Lo que no hay que gritar


Conchi
Jesús a sus 7 años era un niño muy responsable, siempre obedecía a su madre y no abría la puerta a los extraños. Su hermana Conchita, sin embargo, con 6 años era mucho más revoltosa. Como apenas podía andar porque estaba en silla de ruedas, se tiraba al suelo para llegar arrastrándose hasta la puerta de su casa e intentaba abrir a cualquiera que llamase.
Cada vez que sonaba el timbre en casa y estaban los dos solos, Jesús se negaba a abrir, pero Conchita lloraba de rabia porque se moría de ganas de ver caras nuevas.
Un día llamaron al timbre y Conchita, la machacante, le gritó a su hermano como solo ella sabía hacer: “¡Abre la puerta! ¡Abre la puertaaa! ¡¡¡Abre la puertaaaaaa!!!”. Jesús, harto de los gritos, decidió abrir. Pero se encontró a dos hombres muy extraños con las caras cubiertas y pistolas en la mano.

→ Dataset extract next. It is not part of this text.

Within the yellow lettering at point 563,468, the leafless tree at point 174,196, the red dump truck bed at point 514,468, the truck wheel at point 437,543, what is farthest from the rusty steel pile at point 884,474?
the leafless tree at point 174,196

Uno de ellos cogió a Jesús y le puso la pistola en el cuello. Y Conchita se puso a gritar y a llorar y a pedir socorro: “¡¡¡Socorro, auxilio, que nos matan, que nos matan!!!”. Jesús le decía a su hermana: “¿Ves? Por tu culpa ha pasado. Otra vez, si salimos de esta, no te vuelvo a hacer caso, te pongas como te pongas”. Jesús era así de frío y responsable, pero lo que oyeron los vecinos fueron los gritos de Conchita y llamaron a la policía porque tenían miedo de acercarse.
Los atracadores, viendo que se complicaba un poco la cosa, cogieron a Conchita (que era la que menos podía defenderse) y huyeron de allí en una furgoneta. La dieron cloroformo para dormirla y que dejase de gritar de una vez.

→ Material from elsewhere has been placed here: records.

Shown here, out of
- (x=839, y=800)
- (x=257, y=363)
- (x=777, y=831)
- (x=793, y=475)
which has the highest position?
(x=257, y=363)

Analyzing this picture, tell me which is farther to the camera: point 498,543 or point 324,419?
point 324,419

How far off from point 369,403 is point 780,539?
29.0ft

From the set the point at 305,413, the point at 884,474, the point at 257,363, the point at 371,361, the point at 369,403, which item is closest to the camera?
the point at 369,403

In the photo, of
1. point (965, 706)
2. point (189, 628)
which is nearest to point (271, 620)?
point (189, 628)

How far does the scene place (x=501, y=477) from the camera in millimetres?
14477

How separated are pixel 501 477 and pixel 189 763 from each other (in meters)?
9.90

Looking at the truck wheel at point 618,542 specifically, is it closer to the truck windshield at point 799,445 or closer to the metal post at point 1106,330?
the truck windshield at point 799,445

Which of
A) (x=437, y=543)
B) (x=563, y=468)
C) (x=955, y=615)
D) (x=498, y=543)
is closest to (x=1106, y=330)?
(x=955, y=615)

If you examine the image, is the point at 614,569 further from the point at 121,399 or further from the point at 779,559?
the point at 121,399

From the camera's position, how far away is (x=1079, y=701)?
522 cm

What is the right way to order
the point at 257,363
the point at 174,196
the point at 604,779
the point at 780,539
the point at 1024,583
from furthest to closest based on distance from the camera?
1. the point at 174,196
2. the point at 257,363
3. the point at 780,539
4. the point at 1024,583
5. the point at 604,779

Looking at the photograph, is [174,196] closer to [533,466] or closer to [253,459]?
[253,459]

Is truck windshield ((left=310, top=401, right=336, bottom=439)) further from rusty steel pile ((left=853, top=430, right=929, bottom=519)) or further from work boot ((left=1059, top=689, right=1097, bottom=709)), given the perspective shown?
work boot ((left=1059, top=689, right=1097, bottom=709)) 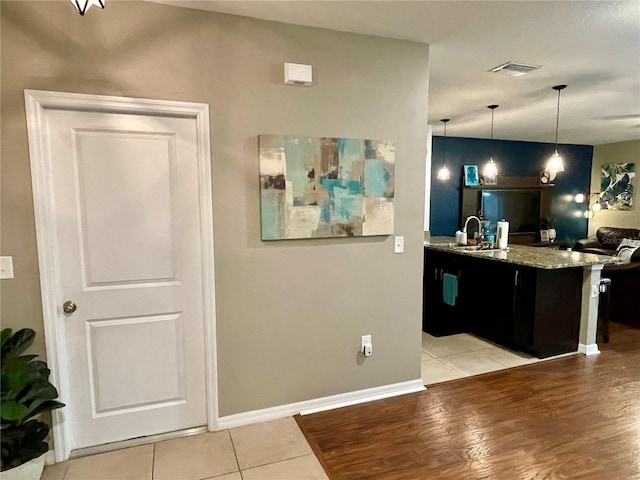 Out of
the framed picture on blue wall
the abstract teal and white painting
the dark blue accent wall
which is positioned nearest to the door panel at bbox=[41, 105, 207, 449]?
the abstract teal and white painting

Tuvieron suerte, nadie les siguió, pero aún así se llevaron a la Cochita con ellos. Cuando llegaron a su escondrijo, una casa en las afueras, encerraron a la niña en una habitación con las ventanas tapiadas y ella no paraba de llorar porque le daba miedo la oscuridad.

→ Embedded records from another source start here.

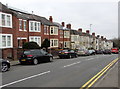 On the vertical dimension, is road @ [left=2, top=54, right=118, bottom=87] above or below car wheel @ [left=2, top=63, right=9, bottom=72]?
below

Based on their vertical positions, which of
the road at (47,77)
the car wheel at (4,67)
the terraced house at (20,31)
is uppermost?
the terraced house at (20,31)

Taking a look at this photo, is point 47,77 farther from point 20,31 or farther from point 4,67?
point 20,31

Cuando llamaron pidiendo un rescate por la niña cogió el teléfono su madre, María, temblando. Los secuestradores querían 120 mil euros para devolverla sana y salva. Ella pidió hablar con su hija para saber que seguía viva.
–¡Mamá, socorro, sácame de aquí! –gritaba Conchita, llorando desconsoladamente.
–Tú te lo has buscado, por desobediente –contestó la madre– Buen disgusto le has dado a tu hermano.
–¡No me hagas esto! ¡¡¡Rescátame!!!
El jefe de la banda le quitó el teléfono y dijo a la madre dónde debía dejar el dinero y le exigió que fuese sola.
Como no tenía tanto dinero, María se lo pidió a su hermana Irene, pero ella tampoco lo tenía. Lo que sí tenía era la pistola de su marido Ernesto, que era militar. Y con ella en el bolso salió de allí María, con la intención de cargarse a los secuestradores, aunque ni siquiera estaba segura de saber disparar.
Mientras duró el secuestro, Conchita no dejó de llorar y de chillar porque quería salir de allí. Tanto lloraba y tanto gritaba que los secuestradores estaban ya hasta el culo de la niña, estaban deseando que se fuera a la mierda y no volviera más.
Al llegar al descampado el jefe de los secuestradores le pidió a María el rescate, pero como ella no tenía el dinero sacó la pistola y empezó a disparar a lo tonto, que no sabía ni para donde iban los tiros. Conchita aprovechó el descuido de los secuestradores (que no se esperaban que María sacase una pistola) para morderles en los brazos con los que la sujetaban, intentando escapar.
Los secuestradores, hartos de tiros y de mordiscos, empujaron a Conchita fuera del coche y salieron huyendo.
María cuando vio a Conchita, loca de contenta, le dio un abrazo y luego le echó la regañina:
–¿Ves, por no hacer caso a tu hermano? ¡Te han podido matar los secuestradores!
–¡Y tú has hecho todo lo posible para que así fuera! ¡¡¡Que casi me matan ahoraaaaa!!! –gritó a su madre Conchita, llorando de rabia, pues no podía explicarse cómo su madre llevaba una pistola a la cita, en vez de la pasta, pero al fin lo prometió, aunque muy a su pesar– ¡Nunca más abriré la puerta a nadieeee!!! ¿¿¿Satisfechaaaaa???